如果Keras的后端是基于TensorFlow的,那么这个K就是Tensorflow了,那么自然会想一个问题,为什么不直接import tensorflow呢,这样不是多此一举吗?这个问题就涉及到TensorFlow和Keras的交互方法了。在这个Mask RCNN项目的构建模型的文件(mrcnn/model.py)中就涉及到了很多TensorFlow和Keras的交互方法,这些交互方法基本上都是对Keras的函数式API进行操作,但是Keras的函数模型转化为Model对象也是很方便,只需要用KM.Model(input_tensors, output_tensors)操作一下即可,其中KM表示的是:

代码语言:javascript复制
import keras.models as KM

接下啦我们结合mrcnn/model.py这个文件来展示一下TensorFlow和Keras交互的一些方法。

1.1 使用TensorFlow建立Keras新的Layer对象

model.py中可以看到大量的继承了keras.engine.Layer类的新类,例如DetectionTargetLayerPyramidROIAlign,这是因为TensorFlow的函数可以操作Keras的Tensor,但是它返回的TensorFlow的Tensor不能被Keras继续处理,因此我们需要建立新的Keras层进行转换,将TensorFlow的Tensor作为Keras层的__init__函数进行构建层,然后在__call__方法中使用TensorFlow的函数进行细粒度的数据处理,最后返回Keras层对象。

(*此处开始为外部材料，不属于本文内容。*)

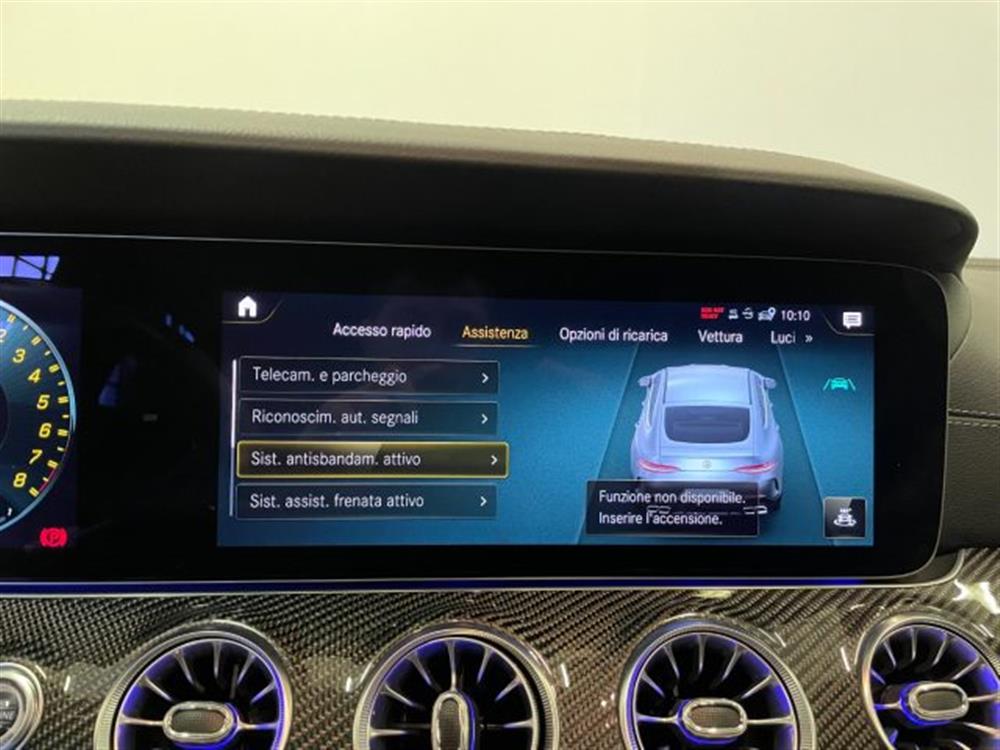 AMG GT AMG GT S Coupé 63 E-Perform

接下来我们首先看一下Keras的Tensor是可以直接送入到TensorFlow中的,例如语义分割中计算Dice系数的代码如下:

代码语言:javascript复制
def Dice_coeff(y_true, y_pred):
    smooth = 1.
    y_true_f = Flatten()(y_true)
    y_pred_f = Flatten()(y_pred)
    intersection = tf.reduce_sum(y_true_f * y_pred_f)
    score = (2. * intersection   smooth) / (tf.reduce_sum(y_true_f)   
                    tf.reduce_sum(y_pred_f)   smooth)
    return score

接下来我们看一下model.pyPyramidROIAlign这个类的代码实现:

代码语言:javascript复制
############################################################
#  ROIAlign Layer
############################################################

def log2_graph(x):
    """Log2函数的实现。TF没有现成的实现。"""
    return tf.log(x) / tf.log(2.0)

# TensorFlow和Keras的交互
class PyramidROIAlign(KE.Layer):
    """在特征金字塔的多个层上实现了ROI Pooling

    参数:
    - pool_shape: [pool_height, pool_width] 代表池化输出. 例如[7, 7]

    输入:
    - boxes: 归一化坐标系中的[batch, num_boxes, (y1, x1, y2, x2)]. 如果没有足够的边界框来填充数组就填0.
    - image_meta: [batch, (meta data)] Image details. See compose_image_meta()
    - feature_maps: 金字塔不同层级的特征图列表,每一个都是[batch, height, width, channels]

    输出:
    池化后的区域形状: [batch, num_boxes, pool_height, pool_width, channels].
    宽度和高度是Layer构造函数中池化层中的特定值。
    """

    def __init__(self, pool_shape, **kwargs):
        super(PyramidROIAlign, self).__init__(**kwargs)
        self.pool_shape = tuple(pool_shape)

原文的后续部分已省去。